The scientists hope to recycle waste from decommissioned nuclear power plants. Their work remains confidential, and not much information is available in public. Unlike most of the electricity-generation technologies that use energy to move a magnet through a coil of wire to generate a current, the man-made radioactive diamond produces electric charge simply by placing it near a radioactive source. Carbon-14 or C-14 is created in graphite rods, which are used in power plants to moderate the nuclear reaction.
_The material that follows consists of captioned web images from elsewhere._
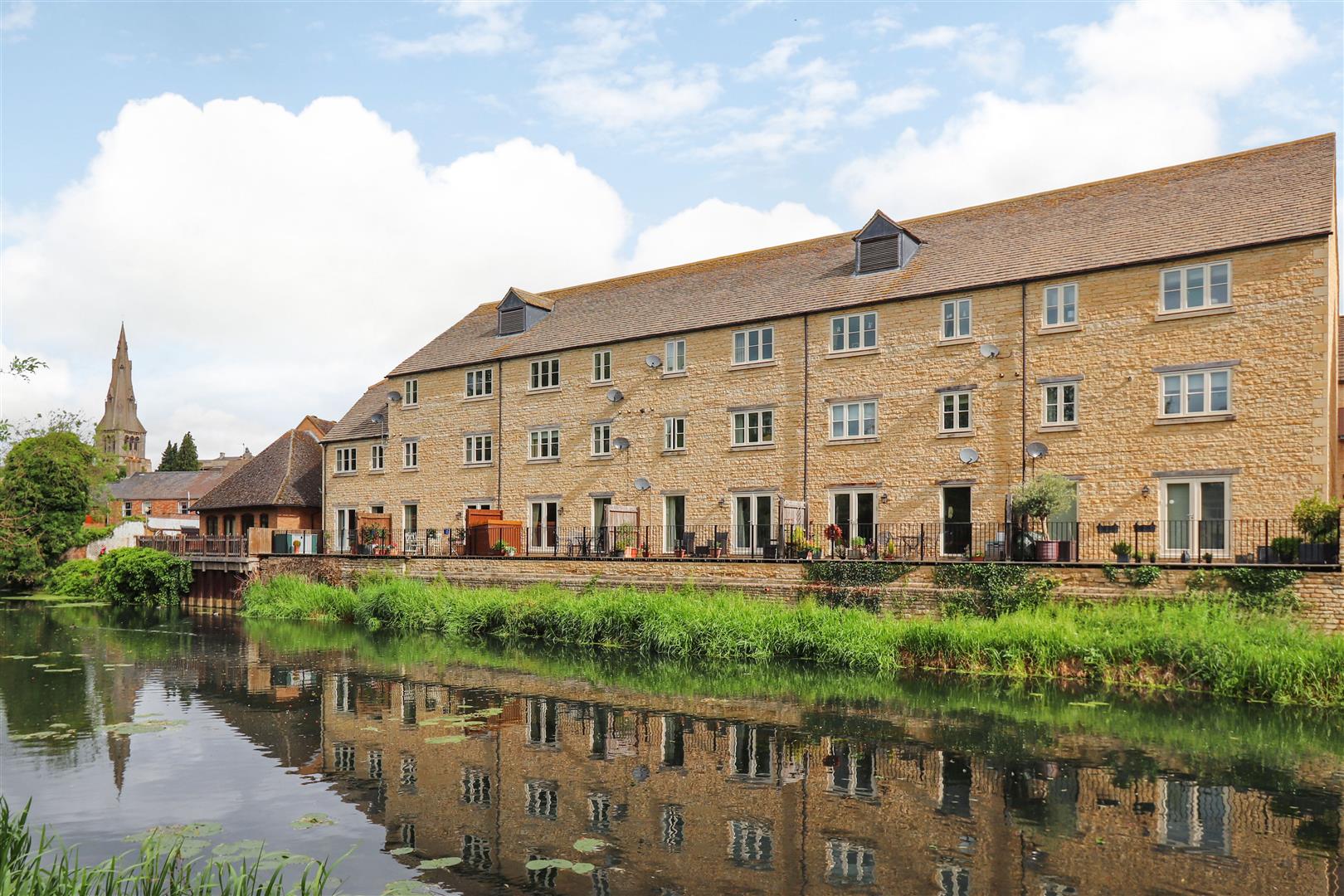 Flat Riverside Place in South Kesteven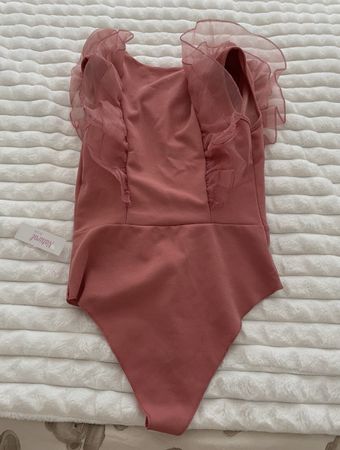 Body femme  rose volants tulle taille 3 mois neuf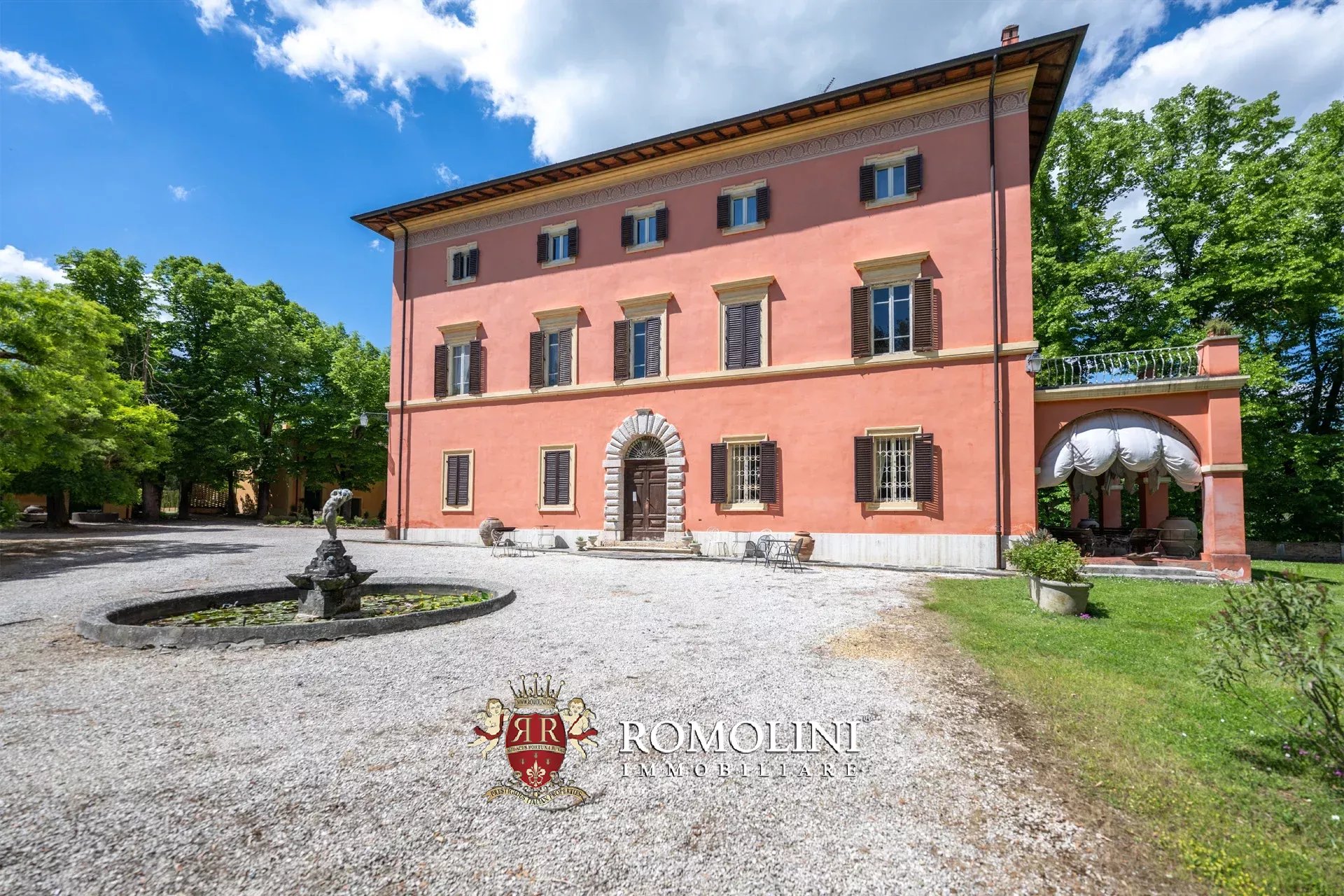 26 Bedroom Villa/Townhouse's Image 3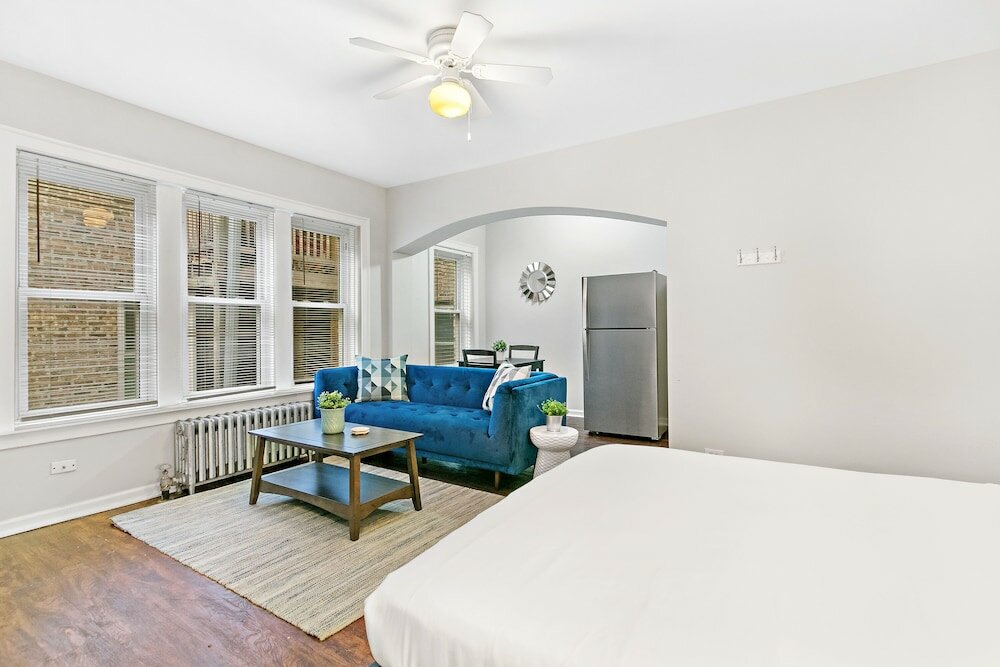 Фото Studio Superb Apt Near Loyola University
The radioactive C-14 gets concentrated at the surface of these blocks, from where it is extracted and fused into a diamond to produce a nuclear-powered diamond. This is encapsulated in an artificial diamond to ensure safe containment of the radiation. The lifetime of diamond batteries far exceeds the life of conventional batteries as the half-life of C-14 is as many as 5,730 years. Diamond batteries, which are highly durable, provide charge for thousands of years and serve well as a low-voltage energy source. There are several low-voltage devices like pacemakers, satellites, and space probe components that cannot be easily accessed for replacement of their batteries.

Scientists at the UK Atomic Energy Authority’s (UKAEA’s) Hydrogen-3 Advanced Technology facility (H3AT) are now working on a pilot project to establish a production line for the batteries capable of the initial supply of up to 20,000 devices per year.